On the surface Elliott West's "Contested Plains" seems to address a much explored period of history, namely the Colorado Gold Rush of te 1850s. Whilst the book does an admirable job of explaining the conflict which eventually led to the formation of Colorado, the scope of this work is so much bigger.
West uses the story of the Colorado Gold Rush as as lens through which to examine the vast story of settlement and conflict on the Great Plains. Echoing the work of Turner, West asks us to consider the role of the Plains in shaping the destinies of those who have settled there. Unlike Turner however, West's Plains are not fixed and unchanging, but dynamic and shifting. He asks us to understand how different cultures' visions of the Plains have fundamentally shaped how they have been approached: the Spanish who saw them as worthless desert, the Cheyennes who viewed them as a the key to a new nomadic lifestyle, and of course the White Americans for whom the sparkle of gold caused them to see the West as a land of opportunity. In doing this, West also explains why conflict began: not the result of an every shifting frontier, but the end product of two competing, flawed, and ultimately irreconcilable views of the Plains.
West expertly combines the larger ecological narrative and the human stories which illuminate this period so poignantly. In doing so, he moves beyond traditional retellings of the Indian Wars of the 1850s-70s. There is no time here for Turnerian heros shaping the land to their will, nor indeed for peace-loving Indians, perfectly in tune with nature.

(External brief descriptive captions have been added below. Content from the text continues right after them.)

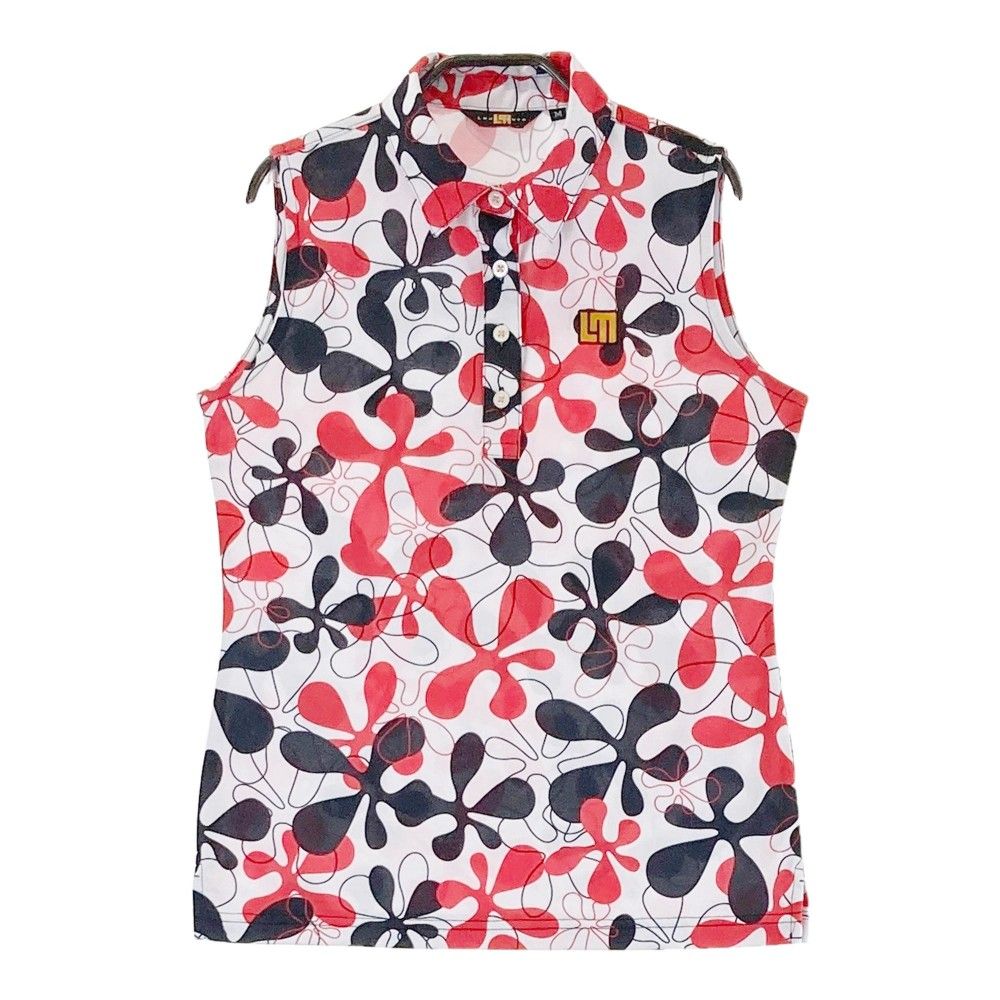 ラウドマウス レディース ゴルフウェア ノースリーブ シャツ 763656 356 トロピカルトゥーカンズ (Tropical Toucans) 2023SS 763-656 (ゆうパケット発送） LOUDMOUTH ラウドマウスゴルフ レディース ノースリーブゴルフウェア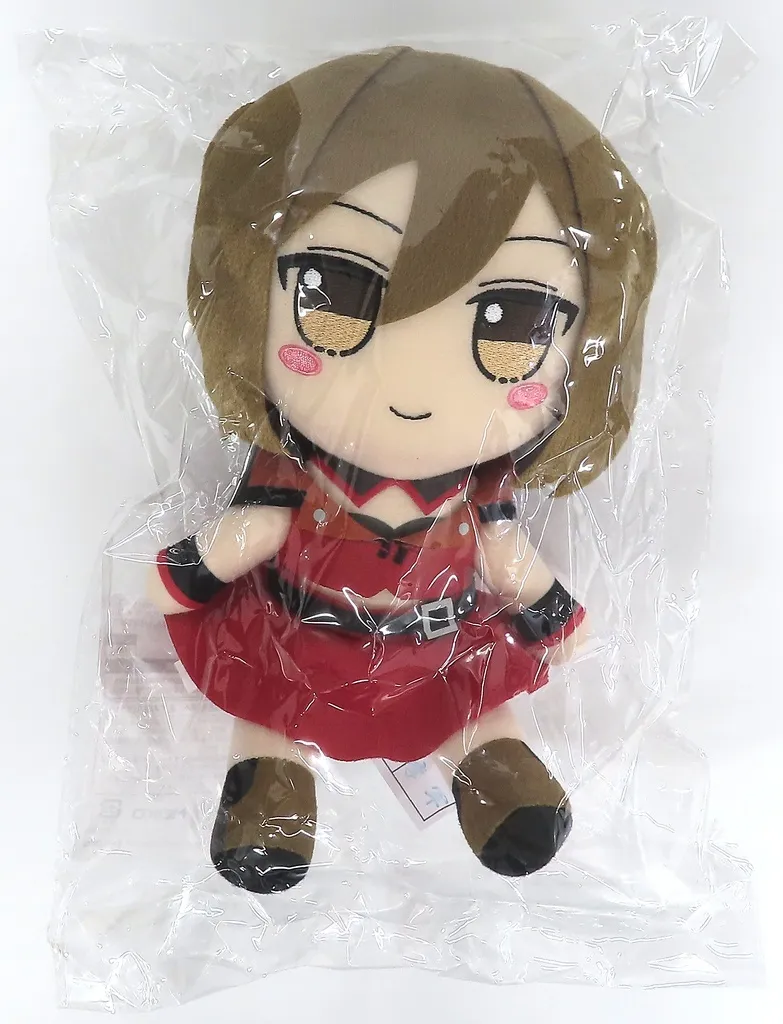 ぬいぐるみ　MEIKO SUPER PACK ver. ふもふもめいこ。すーぱーぱっくばーじょん(いちななさいず) ぬいぐるみシリーズ 「ピアプロキャラクターズ」
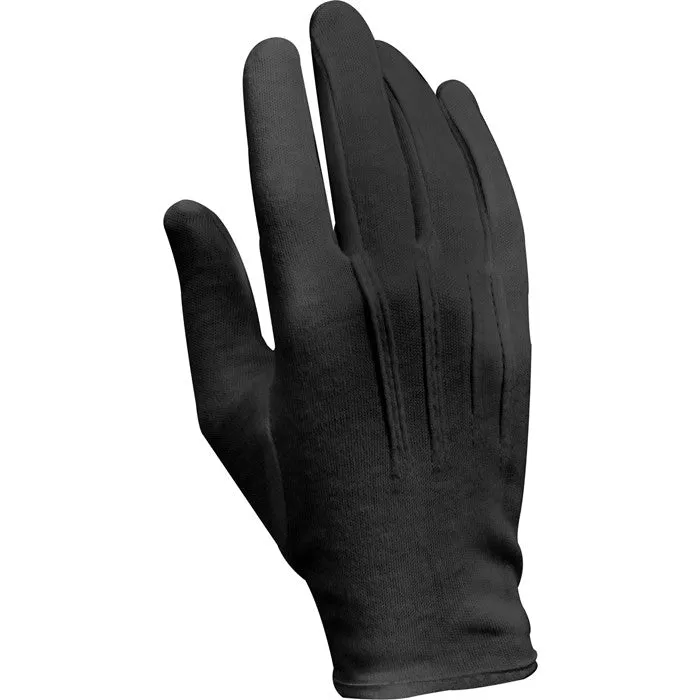 Black - Dress Parade Gloves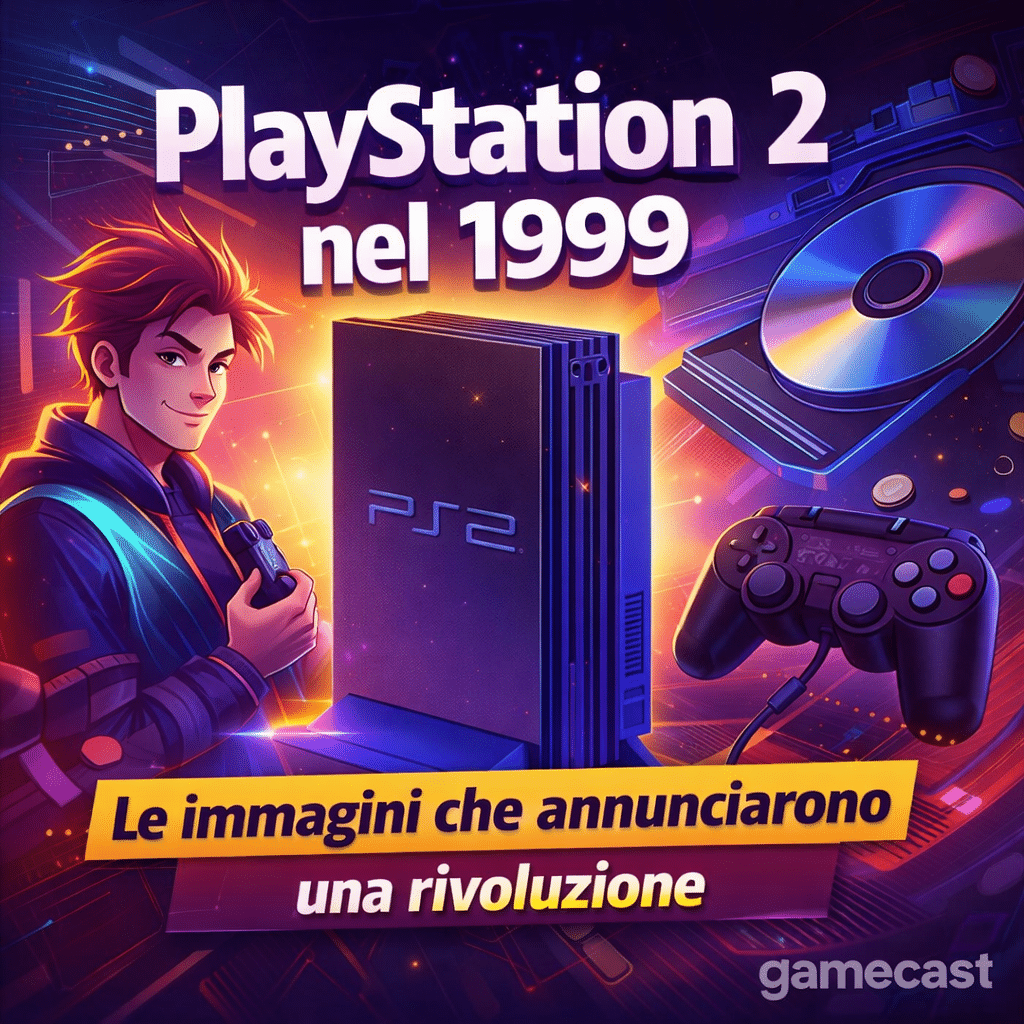 ricordi quando la ps2 sembrava arrivare dal futuro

The Sand Creek massacre and the death of Black Kettle are no less moving because they are not wrapped in a layer of post-colonial guilt. Indeed, the people in West's Colorado are far more real than Dee Brown's martyrs and villains. Every person in West's narrative has their own motivation, their own unique fortes and flaws, their own visions shaping and molding their thoughts and actions. The attention West pays to this aspect is what makes the book such a moving and important piece of history. Every character is a human being.
Anyone interested in the story of the Gold Rush, indeed anyone interested in the history of America and its place in the world today, should read this book. A lively, engaging, thought provoking, and ultimately ground-breaking approach to understaning the American West.